■ **Assigned task**
Nothing but the lines from the first line of the material below through the line that holds "Arabic Style Wholesale" should be set down, exactly and with pictures left out.

━━ Input data ━━

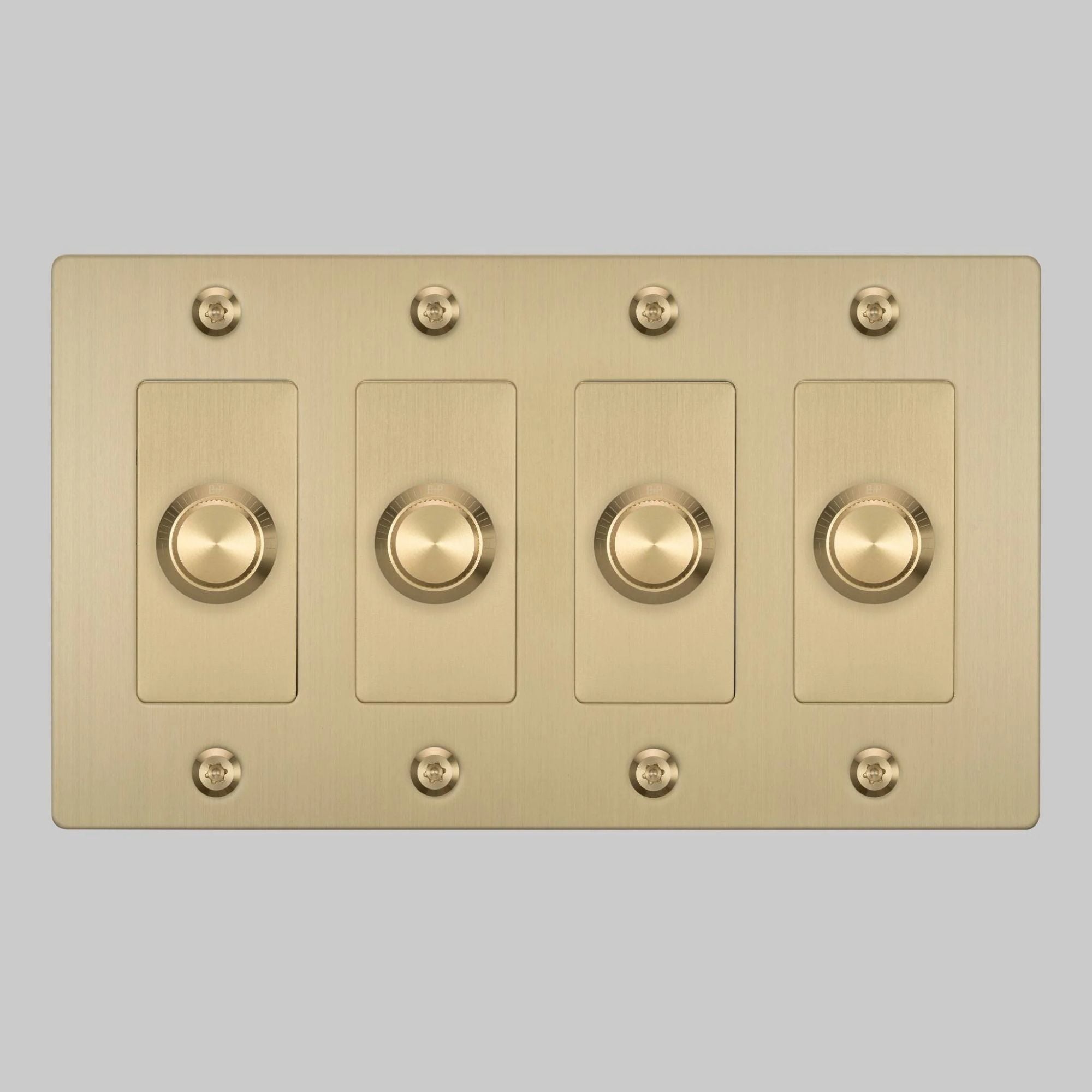 Buster + Punch NDK-424346 Linear 4-Gang LED Dimmer Without Logo, 250W, Rotary, Brass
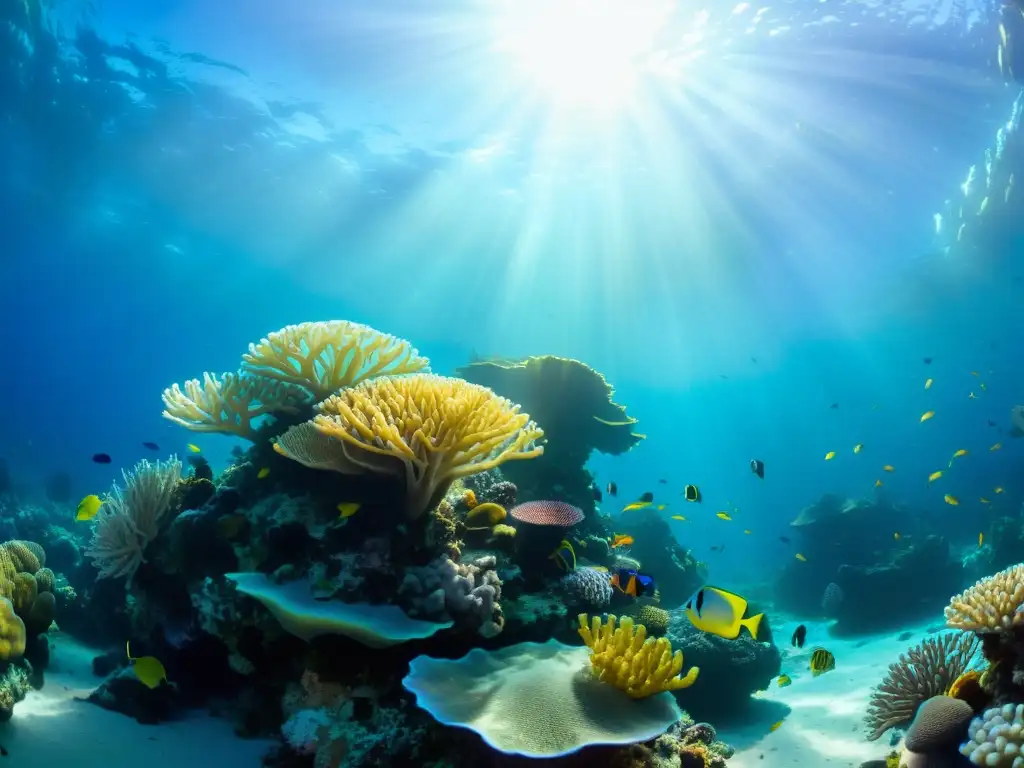 Un vibrante arrecife de coral repleto de vida marina, con peces tropicales y corales coloridos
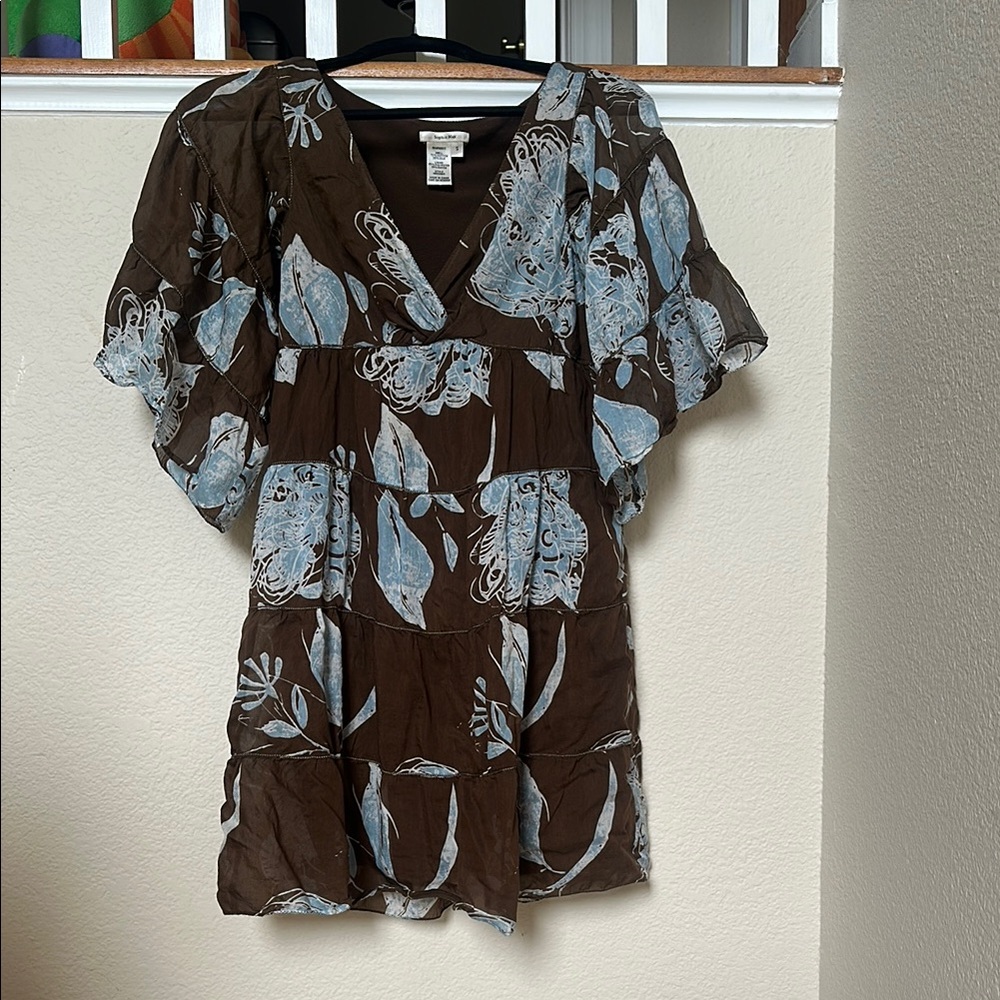 Sophie Max Brown and Blue Floral Blouse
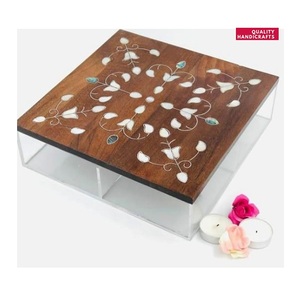 Arabic Style Wholesale Acacia Wood Mother of Pearl Inlay <b>Lid</b> Acrylic Jar Indian Decor Handicraft <b>Wooden</b> Laser Cutting Mop <b>Box</b> - Product Image 4
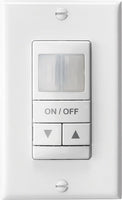 Wall Switch Sensor, Passive Dual Technology, Low Voltage, Raise/Lower Dimming, Gray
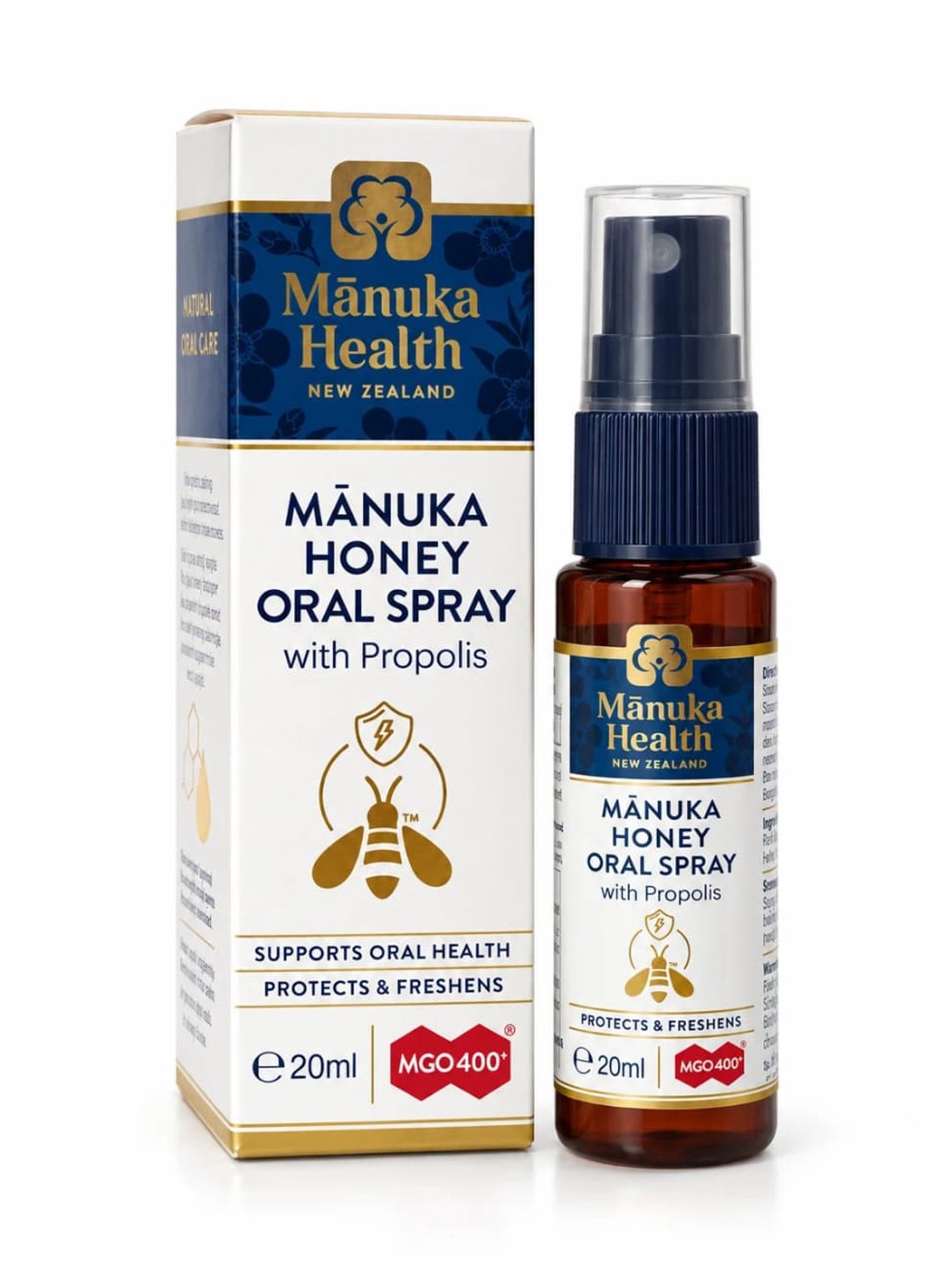 Manukahoning MGO 400+ - Mondspray - Manuka Health - 20ml - Propolis Manuka - Manuka Spray - Propolis keelspray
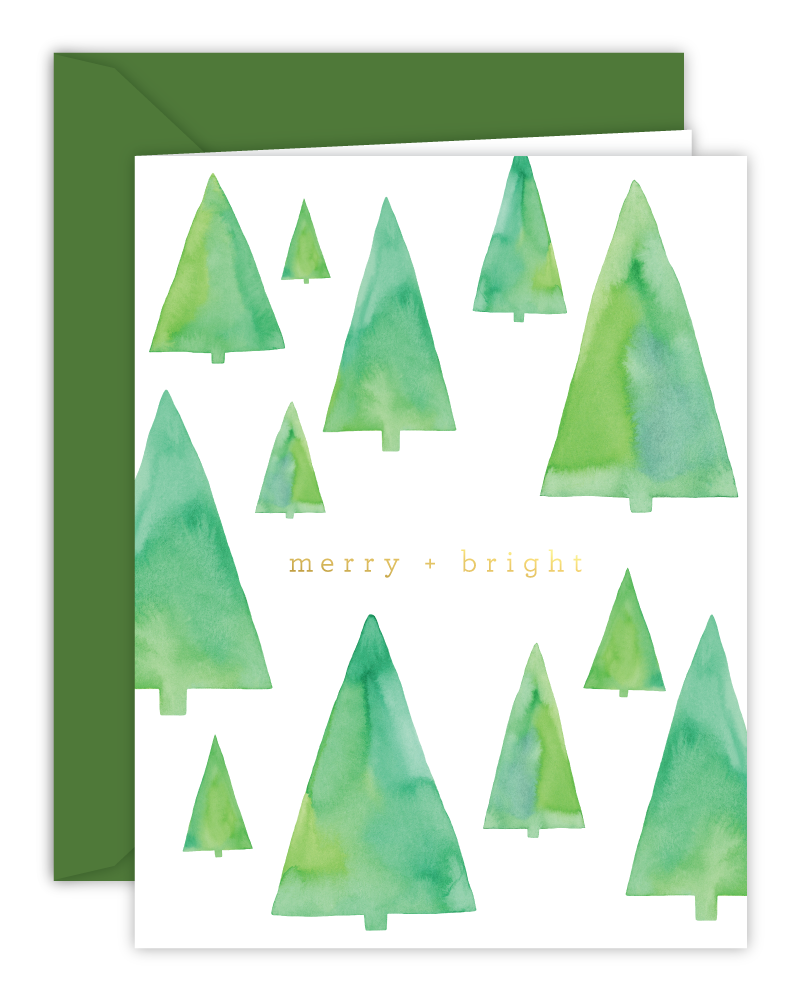Merry + Bright Watercolor Trees Christmas Card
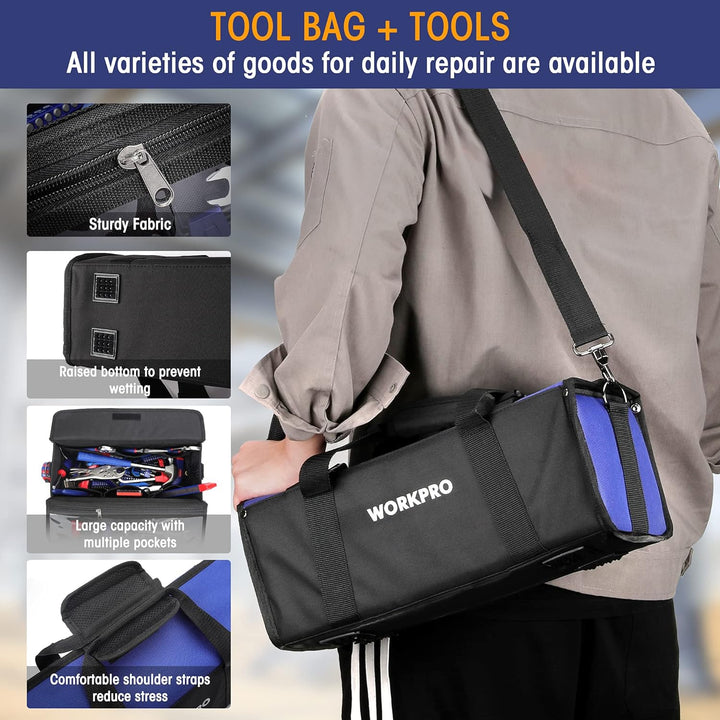 WORKPRO Universal Werkzeugset Haushalt 156-teilig inkl. Werkzeugtasche mit weiter Öffnung für Home R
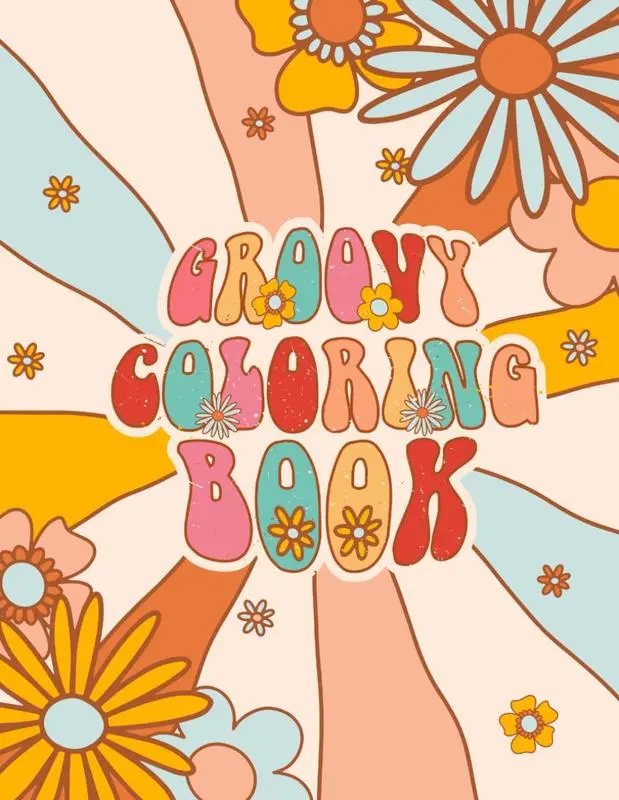 Groovy Preppy Coloring Book for Teens - 55 Vintage Retro Designs, Unique Blend of Funky-Trippy Themes, VSCO Girl Activity Book to Boost Creativity, Unwind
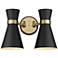 Z-Lite Soriano 2 Light Wall Sconce in Matte Black + Heritage Brass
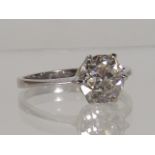 A Ladies White Metal Diamond Solitaire Ring Approx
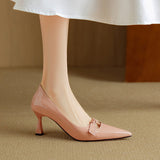 Women's Pumps with Pointed Toe and Flared Heel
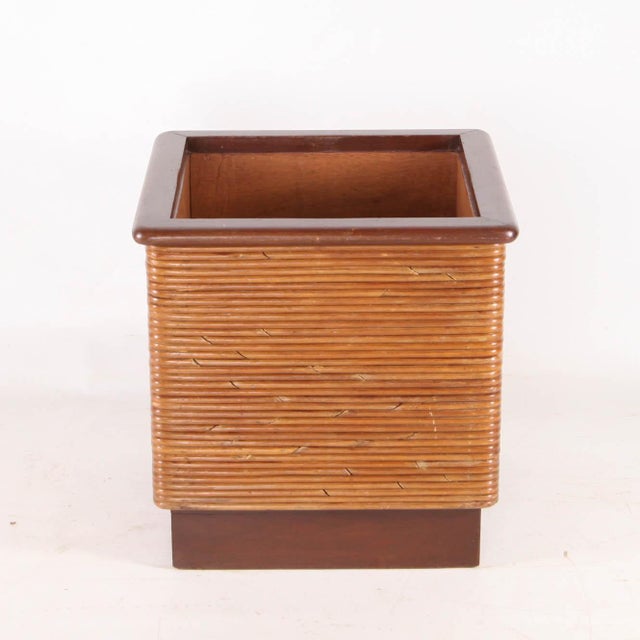 Vintage Rattan and Wood Planter, 1970s For Sale - Image 12 of 13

━━━

■ **Exercise answer**
 Buster + Punch NDK-424346 Linear 4-Gang LED Dimmer Without Logo, 250W, Rotary, Brass
 Un vibrante arrecife de coral repleto de vida marina, con peces tropicales y corales coloridos
 Sophie Max Brown and Blue Floral Blouse
 Arabic Style Wholesale Acacia Wood Mother of Pearl Inlay <b>Lid</b> Acrylic Jar Indian Decor Handicraft <b>Wooden</b> Laser Cutting Mop <b>Box</b> - Product Image 4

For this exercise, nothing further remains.